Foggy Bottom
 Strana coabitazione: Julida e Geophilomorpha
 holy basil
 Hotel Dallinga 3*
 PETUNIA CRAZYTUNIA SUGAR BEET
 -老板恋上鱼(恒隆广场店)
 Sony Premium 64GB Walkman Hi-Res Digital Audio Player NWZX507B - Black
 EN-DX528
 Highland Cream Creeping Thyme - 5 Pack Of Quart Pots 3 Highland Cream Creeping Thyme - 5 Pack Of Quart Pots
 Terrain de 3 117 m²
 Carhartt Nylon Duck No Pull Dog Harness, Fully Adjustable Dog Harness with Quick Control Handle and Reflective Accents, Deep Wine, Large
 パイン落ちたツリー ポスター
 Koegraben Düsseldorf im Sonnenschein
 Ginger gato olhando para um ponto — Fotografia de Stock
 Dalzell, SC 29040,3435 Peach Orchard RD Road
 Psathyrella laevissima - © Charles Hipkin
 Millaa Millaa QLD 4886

——

**WHAT THE TASK REQUIRES**
Retype, exactly and only, the lines running from the one with "-老板恋上鱼(恒隆广场店)" through the final line of the listing above.

**THE ANSWER**
 -老板恋上鱼(恒隆广场店)
 Sony Premium 64GB Walkman Hi-Res Digital Audio Player NWZX507B - Black
 EN-DX528
 Highland Cream Creeping Thyme - 5 Pack Of Quart Pots 3 Highland Cream Creeping Thyme - 5 Pack Of Quart Pots
 Terrain de 3 117 m²
 Carhartt Nylon Duck No Pull Dog Harness, Fully Adjustable Dog Harness with Quick Control Handle and Reflective Accents, Deep Wine, Large
 パイン落ちたツリー ポスター
 Koegraben Düsseldorf im Sonnenschein
 Ginger gato olhando para um ponto — Fotografia de Stock
 Dalzell, SC 29040,3435 Peach Orchard RD Road
 Psathyrella laevissima - © Charles Hipkin
 Millaa Millaa QLD 4886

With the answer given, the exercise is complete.